Para realizar essa ponte entre Marte e Terra, a Space X não vê o Falcon como melhor opção. Está desenvolvendo o BFR (Big Falcon Rocket), que poderá levar 500 mil kg (contra 22,9 mil kg do Falcon). Mas antes de nos tornar marcianos, ainda somos terrestres. E, antes que o BFR seja construído, os outros foguetes Falcon ainda estão trabalhando para melhorar a vida neste planeta (e conectar as pessoas à internet). Isso faz parte da estratégia global que Musk aplica em todas suas empresas: crie algo realmente útil para usar agora, que financiará as suas loucuras do futuro.

Inteligência artificial

Seguindo os passos do Google com o AlphaGo e do Facebook com o DarkForest, Musk criou uma empresa de inteligência artificial (IA) para chamar de sua: a OpenAI. O foco não é o mercado. Para Musk, estudar a inteligência artificial é uma questão de vida ou morte. Ele defende que se a pesquisa de IA continuar seu caminho atual, a humanidade não tem futuro, já que seu desenvolvimento caminha para desenvolver uma inteligência maior que a dos homens e que questionará se os homens são mesmo necessários.

A OpenAI atua em dois campos. O primeiro é o de pesquisa. Musk atraiu, segundo a CB Insights, pesquisadores de referência nesse campo. Ao invés de seguir com os estudos em esquema de sigilo total, como Google, Apple e Facebook fazem, a OpenAI publica regularmente seus resultados e descobertas.

A segunda frente é de plataformas. A empresa quer que pesquisas de IA se integrem e “conversem”. O problema principal com a segurança da IA ​​se resume a uma pergunta simples: como podemos garantir que esta inteligência se transforme na inteligência queremos? A OpenAI está tentando liderar a pesquisa neste campo.

Ao contrário das empresas que condicionam seus esforços em retorno, a iniciativa de Musk não tem fins lucrativos. E não funciona sozinha, com acesso exclusivo à funcionários de Musk. O documento de problemas concretos sobre AI, divulgado pela empresa em 2016, incluiu pesquisadores do Google Brain, de Stanford e da UC Berkeley.

Saúde

A Neuralink foi anunciada sem o furor que envolve a maioria das empresas de Musk. Mas pode ser um dos projetos mais emocionantes do bilionário. Envolve a construção de interface homem-máquina (IHM), que ligará cérebros humanos diretamente aos computadores.

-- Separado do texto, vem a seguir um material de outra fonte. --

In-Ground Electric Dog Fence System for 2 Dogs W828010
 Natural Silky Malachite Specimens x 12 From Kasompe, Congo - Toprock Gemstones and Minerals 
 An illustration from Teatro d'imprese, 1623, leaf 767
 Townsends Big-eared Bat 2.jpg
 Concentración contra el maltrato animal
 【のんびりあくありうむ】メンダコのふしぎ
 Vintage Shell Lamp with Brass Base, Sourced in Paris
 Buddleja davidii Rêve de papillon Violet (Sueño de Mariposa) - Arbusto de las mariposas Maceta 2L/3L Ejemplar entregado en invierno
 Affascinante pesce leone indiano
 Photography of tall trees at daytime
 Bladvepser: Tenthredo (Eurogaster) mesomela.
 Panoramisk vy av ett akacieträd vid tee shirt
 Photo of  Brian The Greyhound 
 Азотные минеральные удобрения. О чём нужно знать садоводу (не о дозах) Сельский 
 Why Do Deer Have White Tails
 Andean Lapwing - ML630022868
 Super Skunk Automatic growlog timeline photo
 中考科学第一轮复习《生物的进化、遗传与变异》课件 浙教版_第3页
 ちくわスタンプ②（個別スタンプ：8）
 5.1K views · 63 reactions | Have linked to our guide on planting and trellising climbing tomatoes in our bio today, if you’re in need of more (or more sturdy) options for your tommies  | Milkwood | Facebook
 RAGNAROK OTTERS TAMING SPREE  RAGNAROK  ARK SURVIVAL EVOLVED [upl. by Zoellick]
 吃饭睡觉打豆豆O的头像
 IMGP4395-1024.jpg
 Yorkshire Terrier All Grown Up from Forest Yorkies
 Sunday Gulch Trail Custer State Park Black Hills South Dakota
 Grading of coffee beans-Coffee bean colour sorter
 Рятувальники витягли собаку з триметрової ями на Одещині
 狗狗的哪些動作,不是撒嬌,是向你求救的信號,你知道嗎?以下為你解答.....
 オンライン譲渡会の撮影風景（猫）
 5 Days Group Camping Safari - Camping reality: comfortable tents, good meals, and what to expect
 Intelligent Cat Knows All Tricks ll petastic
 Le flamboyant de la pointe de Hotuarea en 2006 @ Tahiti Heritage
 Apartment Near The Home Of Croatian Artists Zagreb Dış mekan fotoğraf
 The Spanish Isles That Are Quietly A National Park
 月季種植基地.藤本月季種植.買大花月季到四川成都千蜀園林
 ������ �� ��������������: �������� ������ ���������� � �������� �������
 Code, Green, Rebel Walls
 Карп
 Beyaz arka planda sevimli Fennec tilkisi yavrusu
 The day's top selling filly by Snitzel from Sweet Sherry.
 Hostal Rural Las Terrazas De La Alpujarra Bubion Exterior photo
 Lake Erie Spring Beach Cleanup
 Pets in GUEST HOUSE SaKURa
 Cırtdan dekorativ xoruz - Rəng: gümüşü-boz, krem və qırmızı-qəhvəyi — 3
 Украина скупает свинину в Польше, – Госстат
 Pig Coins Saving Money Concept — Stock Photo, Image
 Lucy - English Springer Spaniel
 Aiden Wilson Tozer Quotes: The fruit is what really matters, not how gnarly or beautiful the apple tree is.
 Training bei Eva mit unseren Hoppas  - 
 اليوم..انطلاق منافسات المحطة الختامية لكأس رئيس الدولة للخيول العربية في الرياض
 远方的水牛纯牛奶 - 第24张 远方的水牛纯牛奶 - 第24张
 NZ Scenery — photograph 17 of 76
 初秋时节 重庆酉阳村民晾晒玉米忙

Pesquisas com IHM são antigas, mas envolvem basicamente dois desafios:

– Baixa largura da banda: temos bilhões de neurônios, mas as IHM apenas gravam alguns. Isso dificulta o uso deles para qualquer sistema. Você poderia mover um cursor sobre uma tela com seu cérebro, mas você não conseguia tocar violão com a mente.
– O implante requer procedimento neurocirúrgico. Isso significa que é restrito a pessoas com uma necessidade de mudança de vida, e atualmente para aqueles para quem essa vida pode não ser muito longa.

A Neuralink quer construir uma alta largura de banda e que seja minimamente invasiva. O protótipo ainda precisa ser aprovado pelo órgão regulador americano para que os testes comecem em pacientes reais. Com a empresa, Musk quer aumentar o nível humano de inteligência, para que possamos construir uma inteligência mais conectada ao mundo digital antes que a IA supere a nossa.

Além disso, a Neuralink tem potencial para ajudar as pessoas que sofrem de AVC, neurodegeneração, câncer, lesões da medula espinhal, amputações e dezenas de outros problemas de saúde. Porém, quase um ano após seu lançamento, o site da empresa ainda consiste apenas em uma única página que destaca as vagas em aberto na companhia, incluindo engenheiros elétricos e de software.